Work item: Only the lines from the beginning of the material below through the line with "Matt black and" should be retyped exactly, and pictures are to be skipped.

[[ Given data, beginning ]]

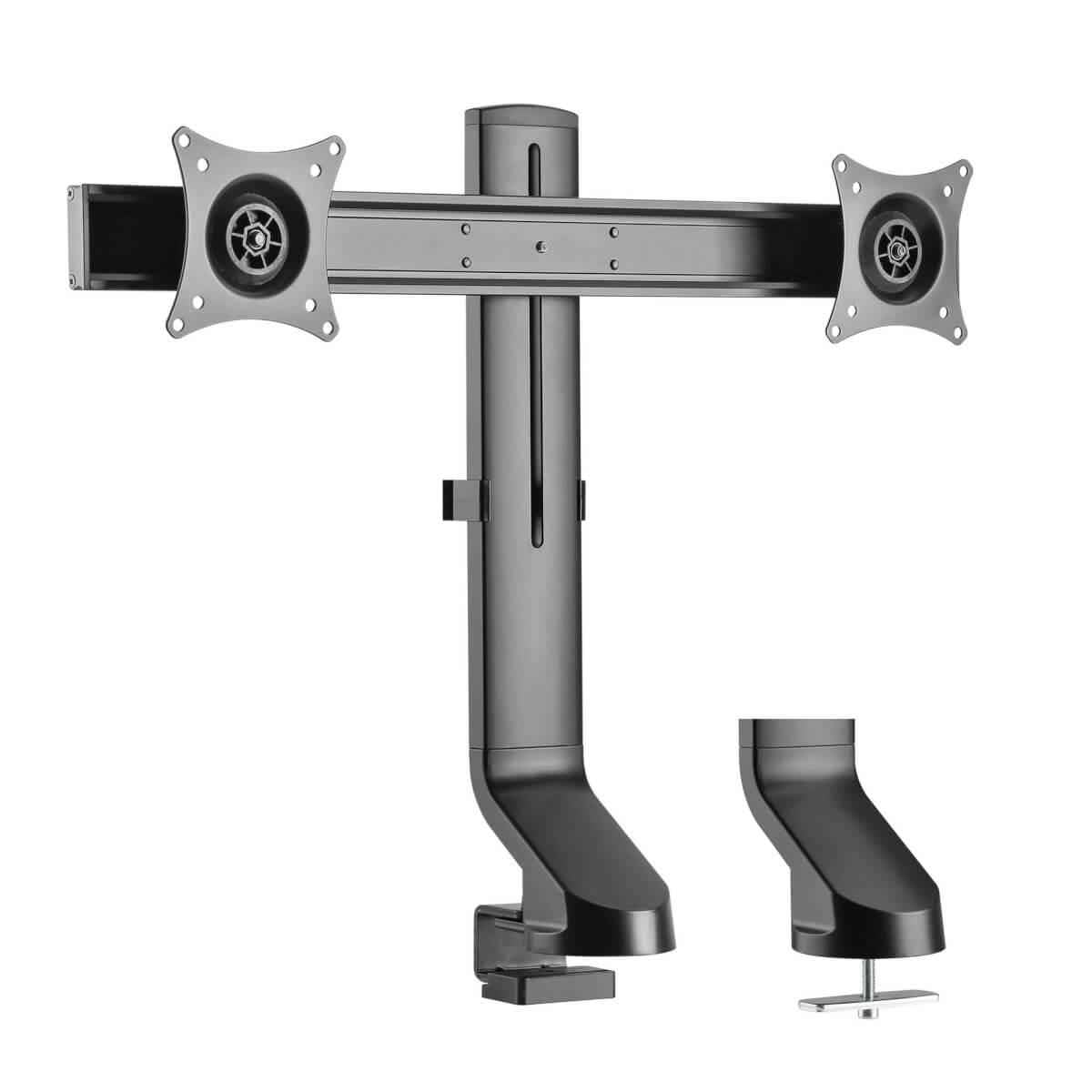 EATON TRIPPLITE Dual-Display Monitor Arm with Desk Clamp and Grommet - Height Adjustable 17p to 27p Monitors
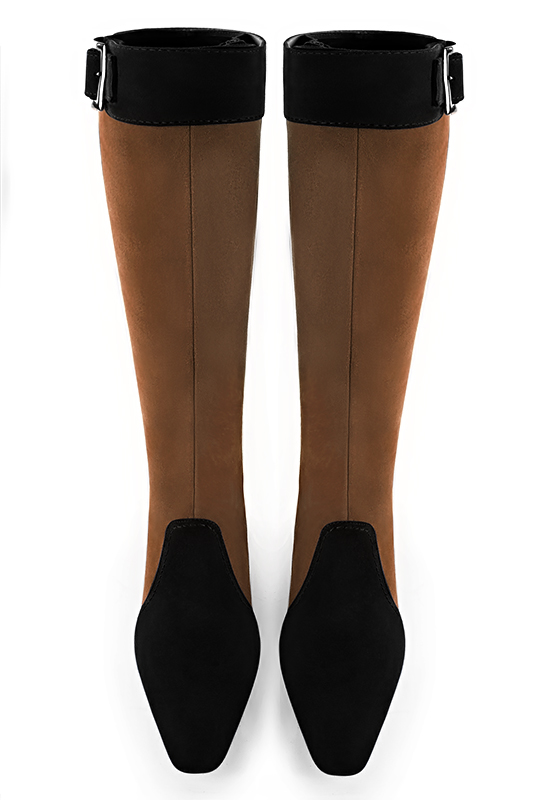 Matt black and caramel brown women's feminine knee-high boots. Square toe. Medium block heels. Made to measure. Top view - Florence KOOIJMAN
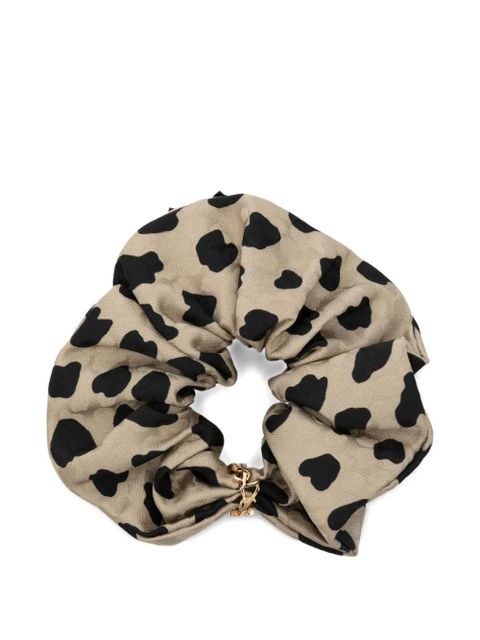 Saint Laurent leopard-print silk hair scrunchie - Neutrals - zdjęcie produktu nr 1
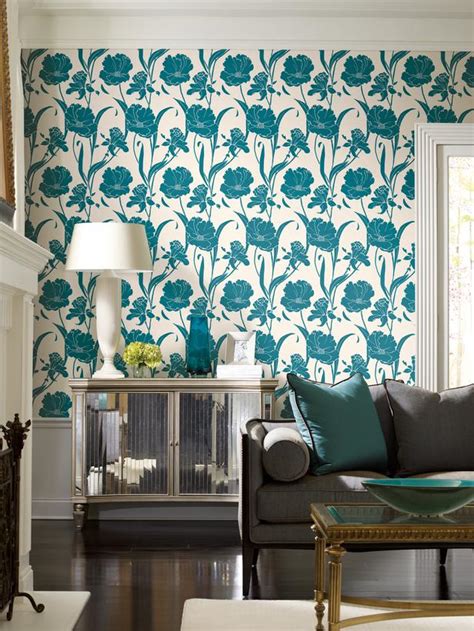Birght Living Room Designs With Blue And Green Wallpaper Motifs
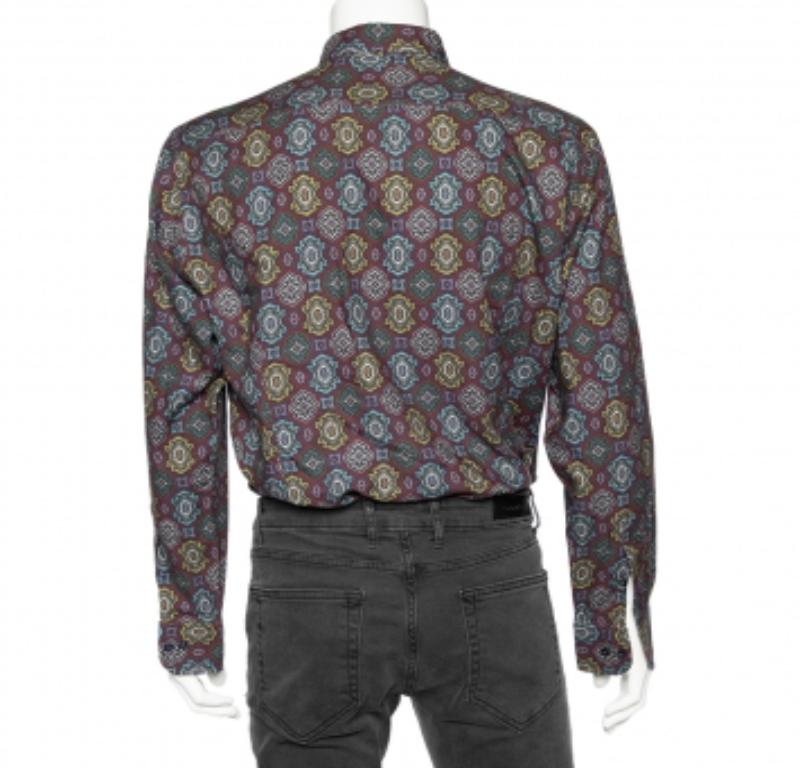 Nero Etro - Camicia con bottoni in misto cotone stampata marrone 3XL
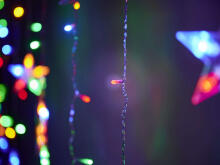Ikonka Art.KX5248_2 LED star curtain lights 2.5m 138LED multicolour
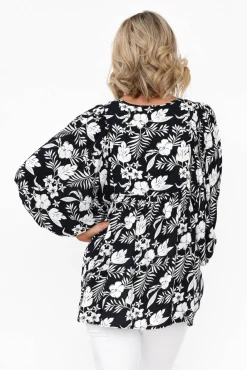 Sleeved Tops<New U Collection Marylee Navy Garden Gathered Top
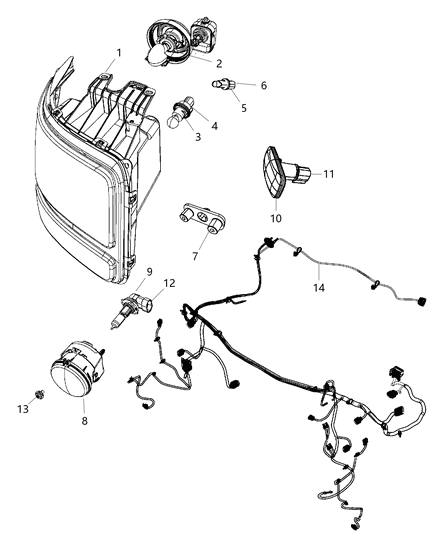 2010 Dodge Nitro Lamps, Front Diagram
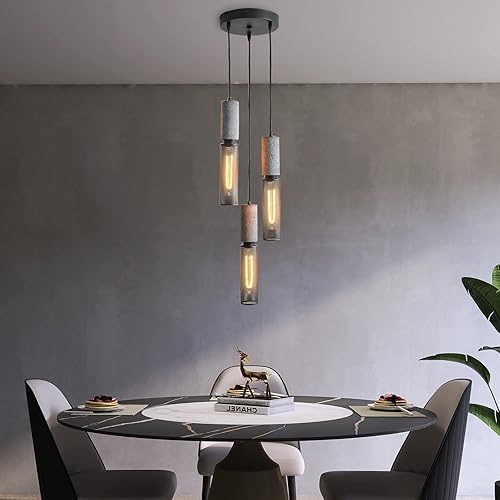 Miniatura 4 de Lámpara colgante lineal de hormigón de 3 luces con pantalla de malla metálica, moderna iluminación colgante industrial de cemento para cocina, isla,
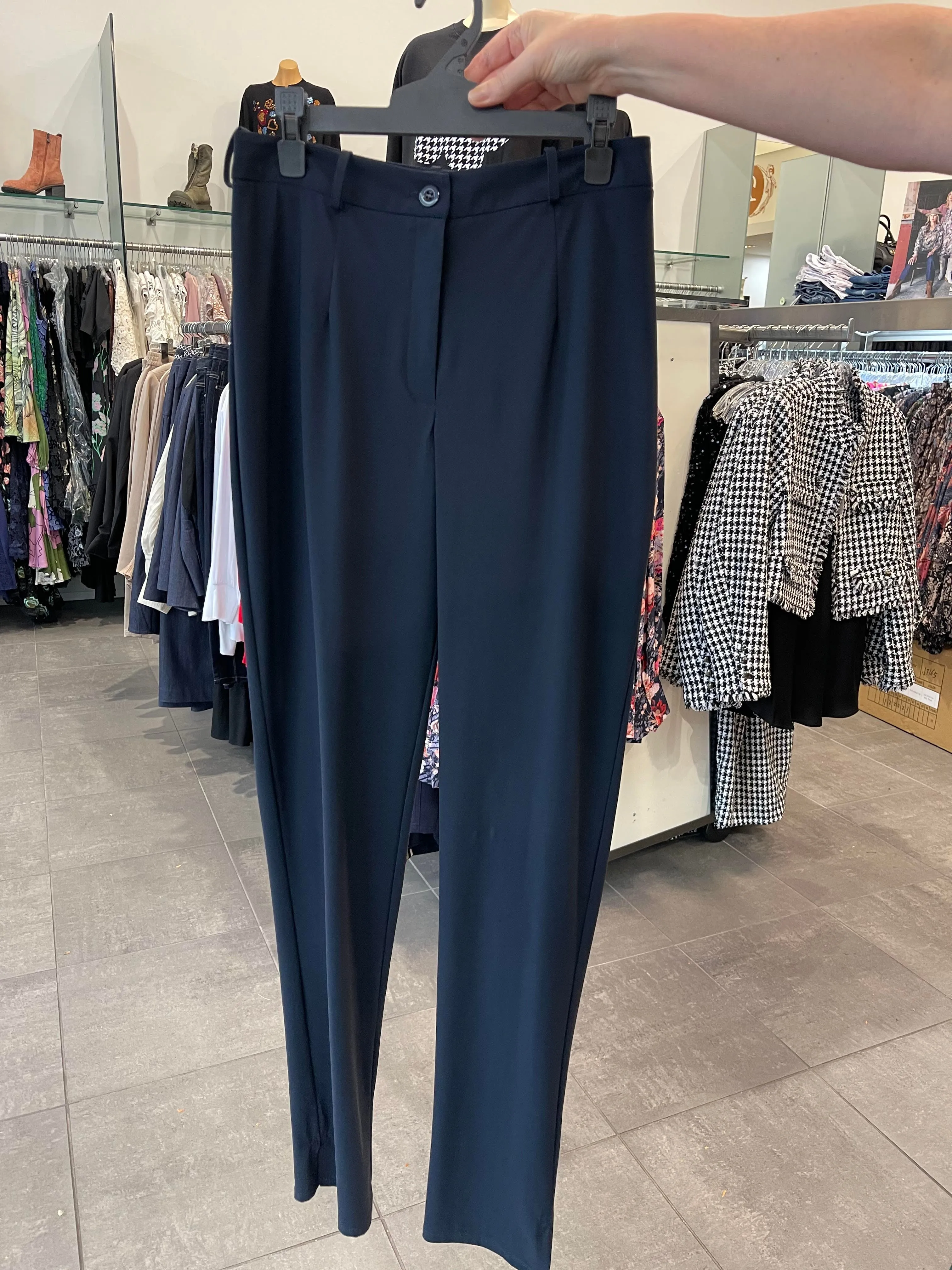 Paula Ryan Slim Leg Classic Pant MicroJersey - Navy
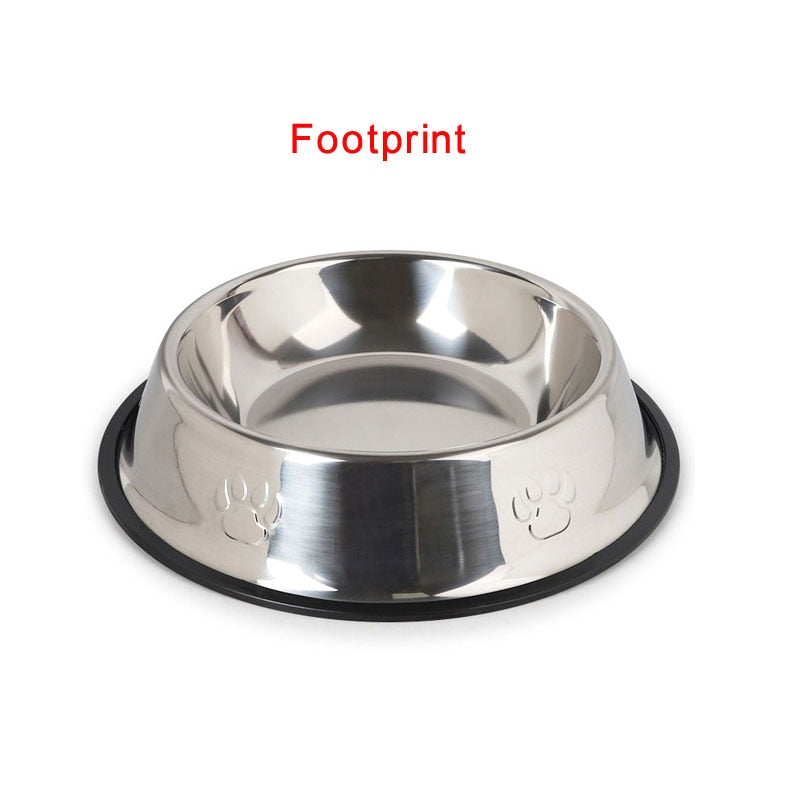 Anti-Skid Cat Puppy Dog Pet Bowl Non Slip Stainless Steel Bowls Dish Travel Water Plate Food Feed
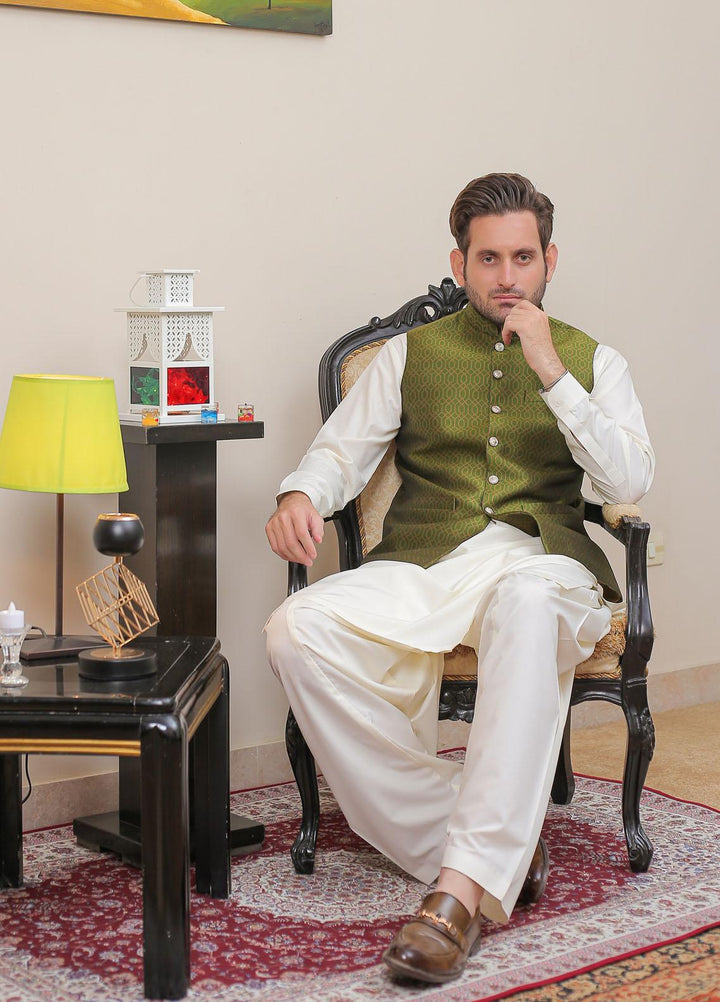 Real Image  Formal Waistcoat for Men -  WP - 151 Green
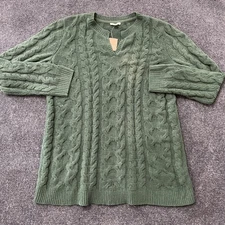 J Jill Sweater Womens Large Green Chenille Cable Knit Tunic Pullover Soft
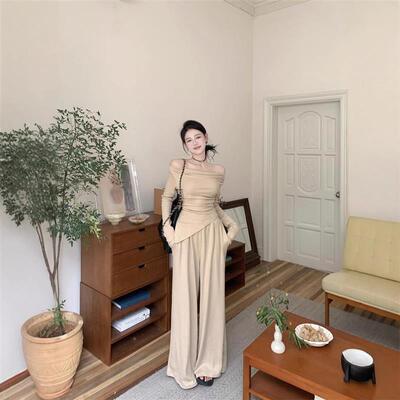 高级感气质套装女2025新款秋冬季一字肩长袖上衣阔腿长裤子两件套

[[ Given data, end ]]

Solved problem:
 EATON TRIPPLITE Dual-Display Monitor Arm with Desk Clamp and Grommet - Height Adjustable 17p to 27p Monitors
 Matt black and caramel brown women's feminine knee-high boots. Square toe. Medium block heels. Made to measure. Top view - Florence KOOIJMAN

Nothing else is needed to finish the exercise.